Computer HistoryMay 01, 2026

A History of Document Formats: Adobe Camelot, Binary Streams, and compilation to WASM

By Abdullah Taha

In the early days of computing, sharing documents across different computer brands was a nightmare. A document created on an Apple Macintosh would compile into gibberish when loaded on a Microsoft DOS PC because there was no unified language for text layout, fonts, and graphics. In 1991, John Warnock (co-founder of Adobe) wrote a research paper outlining 'The Camelot Project.' His goal was to define a universal system to display documents identically on any screen or printer. This project birthed the PDF format, built upon the PostScript layout language.

Concurrently, word processors relied on binary document formats (like Microsoft's legacy .doc streams). These binary structures were direct memory dumps of the program's internal objects, making them highly complex to parse by third-party applications. To increase interoperability, the industry moved to XML-based standards in the mid-2000s, leading to Office Open XML (OOXML, which defines modern `.docx` files). A `.docx` file is actually a renamed ZIP archive! If you rename a `.docx` file to `.zip` and extract it, you will find a folder structure containing plain XML files representing document texts, styles, and embedded media assets.

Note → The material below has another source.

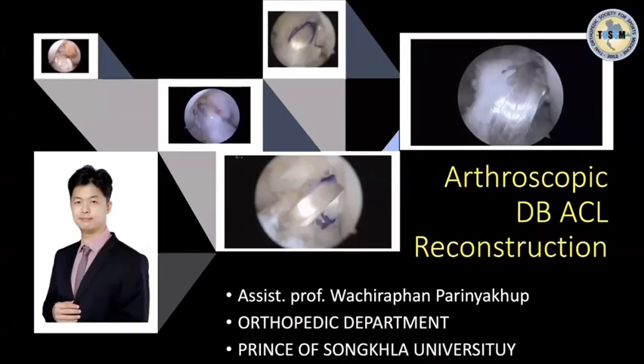My name is Dr. Vashir Pan Ben-Jakub from Prinnok Songkhan. I'm pleased to present the topic today about the ACL double-bundle construction.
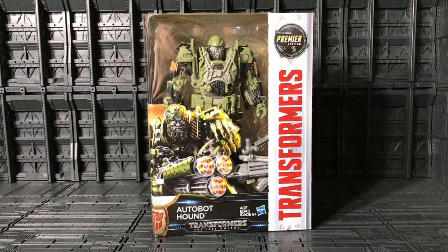Welcome, YouTuber Collectors. This is Anubis009, and today I present you from Transformers: The Last Knight, Premier Edition, Voyager Hound.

As document management migrated to the web browser, developers were faced with a dilemma. Web browsers only run JavaScript natively, which is a high-level, garbage-collected scripting language. Rewriting C/C++ compilation suites (such as PDF renderers and ZIP compressors) in JavaScript would result in massive performance degradation. The breakthrough came with WebAssembly (WASM). By compiling low-level languages directly into WASM bytecode, developers can run legacy document engines inside browser tabs. We can now run decades-old, high-performance C libraries natively in a web browser, bringing desktop-grade document processing safely to client-side pages.